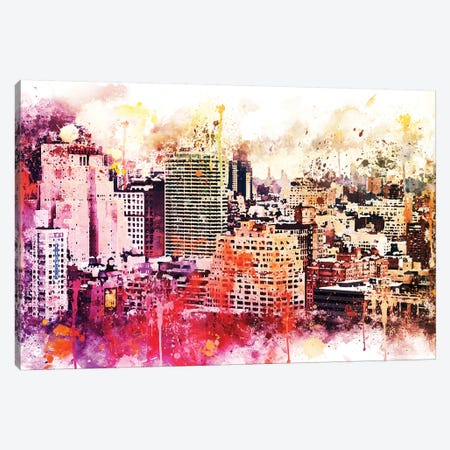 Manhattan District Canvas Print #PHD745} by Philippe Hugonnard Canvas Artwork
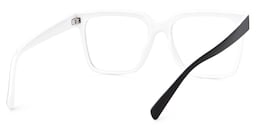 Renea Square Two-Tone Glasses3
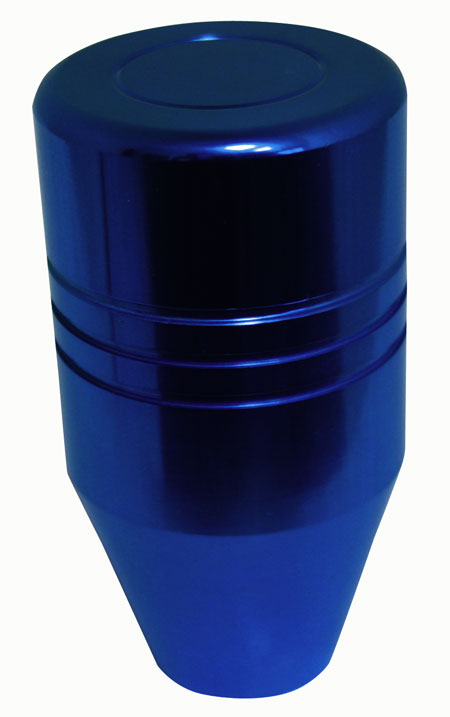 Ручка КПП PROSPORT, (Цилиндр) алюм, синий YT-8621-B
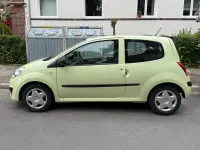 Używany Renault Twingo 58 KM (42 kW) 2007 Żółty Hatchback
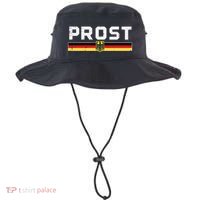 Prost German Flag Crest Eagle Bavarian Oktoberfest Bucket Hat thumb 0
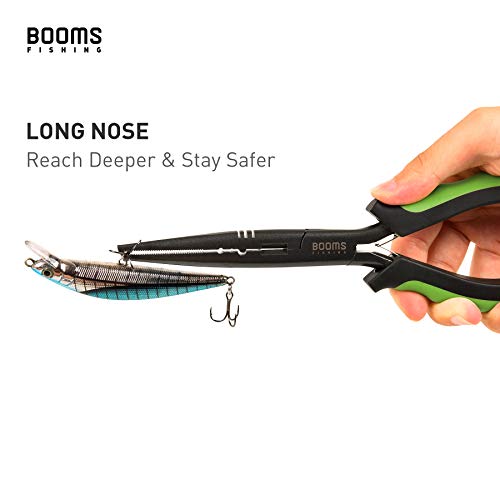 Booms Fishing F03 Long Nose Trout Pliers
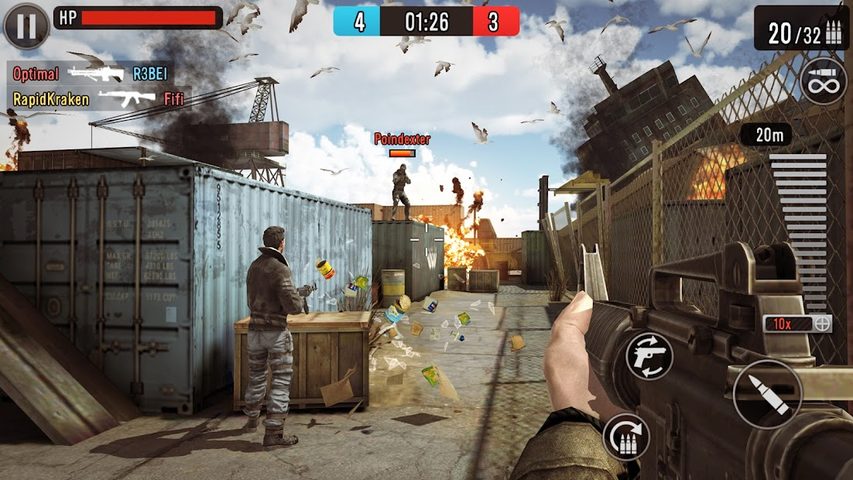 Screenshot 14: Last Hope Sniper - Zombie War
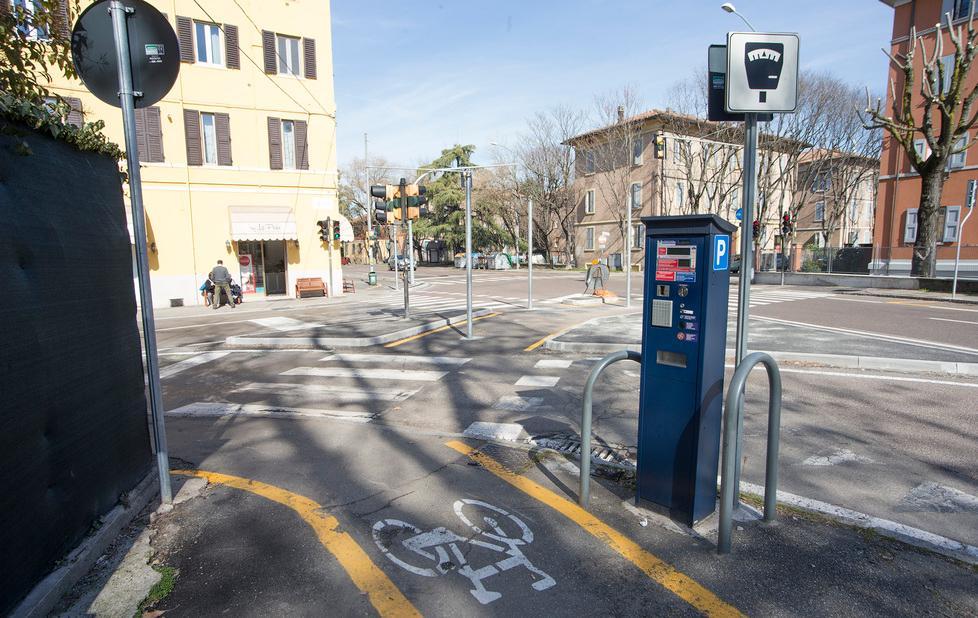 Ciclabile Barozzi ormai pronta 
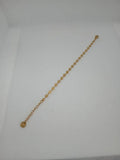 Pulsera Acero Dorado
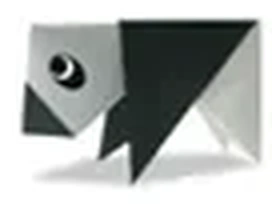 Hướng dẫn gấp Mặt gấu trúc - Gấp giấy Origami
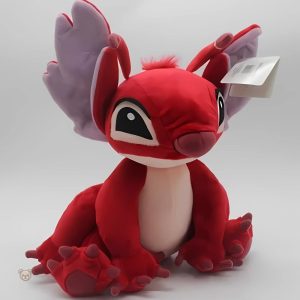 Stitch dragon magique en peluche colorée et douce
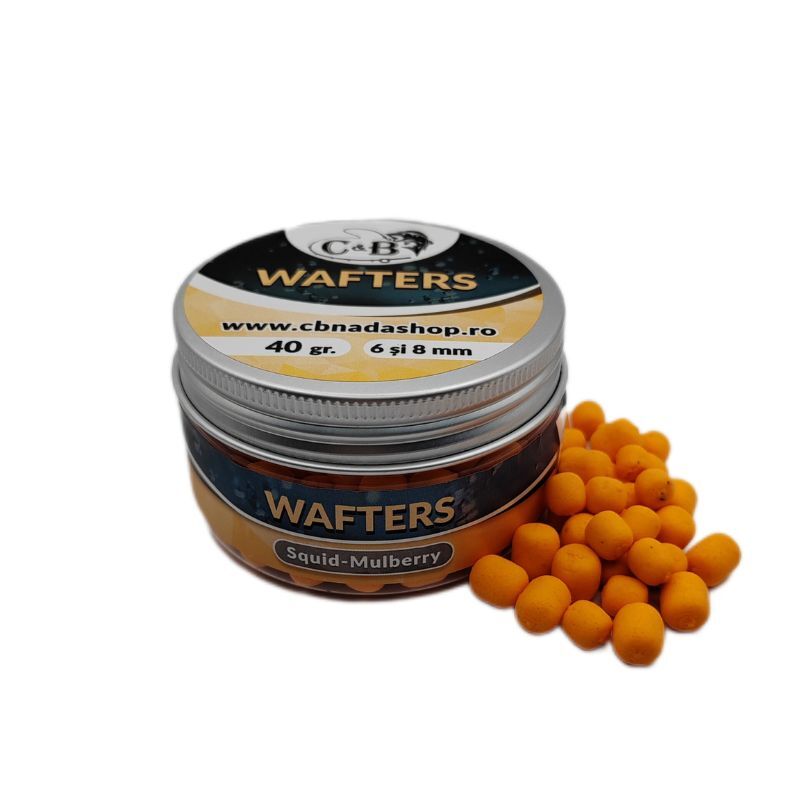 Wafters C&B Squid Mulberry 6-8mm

- _Work order_
From the line containing "Prost German Flag" down to the final line of the material above, reproduce each line exactly and include no images.

- _Task result_
 Prost German Flag Crest Eagle Bavarian Oktoberfest Bucket Hat thumb 0
 Booms Fishing F03 Long Nose Trout Pliers
 Screenshot 14: Last Hope Sniper - Zombie War
 Ciclabile Barozzi ormai pronta 
 Pulsera Acero Dorado
 Hướng dẫn gấp Mặt gấu trúc - Gấp giấy Origami
 Stitch dragon magique en peluche colorée et douce
 Wafters C&B Squid Mulberry 6-8mm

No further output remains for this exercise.